The chance of a young person from a well-off background becoming a graduate has grown at a higher rate than that of a child from a more disadvantaged home.

Bright working-class girls have less chance of studying for a degree than they did before the rapid university expansion of the 1980s. Conversely, the chances of a low-ability girl from a wealthy background rose from 5 per cent to 15 per cent.

The findings from the London School of Economics will make comforting reading for strongly middle-class Edinburgh University which has had to defend its move to open up access to more disadvantaged students by widening its entry criteria.

Writing in The TES Scotland two weeks ago, Professor Gordon Kirk, the university’s vice-principal, commented that the proportion of students coming from less well-off sections “has hardly changed in more than 40 years and some excellent students with academic potential are being missed”.

The LSE’s centre for economic performance and the Institute of Education at London University looked at two cohorts, one born in 1958 and the other in 1970. Researchers compared girls’ and boys’ degree chances according to ability and social background. They found, regardless of gender, that across all ability ranges, more children from middle-class backgrounds had benefited from university expansion.
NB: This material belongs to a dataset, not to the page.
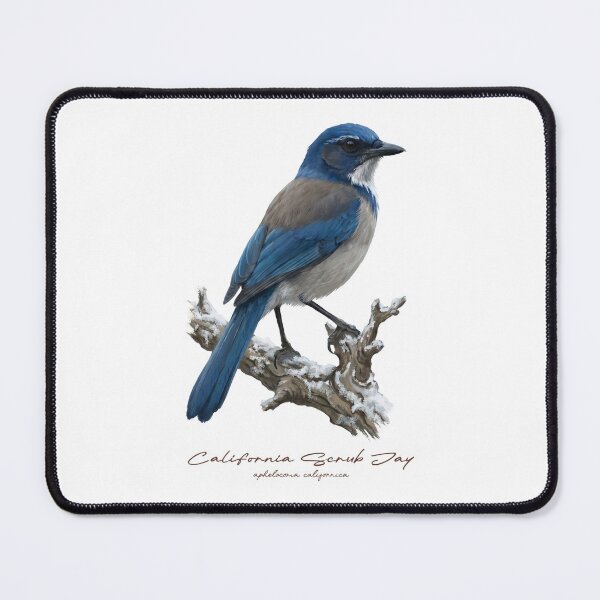 Item preview, California Scrub Jay on Snowy Branch designed and sold by Takeda-art.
They looked at the life chances of the brightest children in each group and found that the clever working-class child born in 1958 had a one in four chance of being in a professional job at the age of 33, while a middle-class friend had a three in four chance.
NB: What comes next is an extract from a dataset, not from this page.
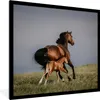 MuchoWow® Gerahmtes Poster Tiere - Pferde - Fohlen 40x40 cm Produktbild-Vorschau 1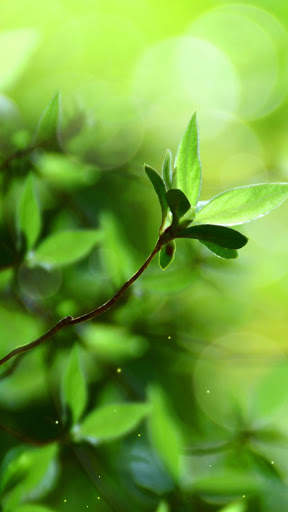 Spring Buds Live Wallpaper screenshot 2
When the team looked at those born in 1970 they found the middle-class child’s chances had declined slightly, but so had those of his low-income counterpart.

The chance of a boy of high ability from a high-income family becoming a graduate was 76 per cent among those born in 1970 - up 17 percentage points on 1958. By contrast, 43 per cent of high-ability boys born into working-class homes in 1970 gained a degree, up just eight points.

But the researchers note that career prospects for working-class graduates are just as good as those of their middle-class counterparts.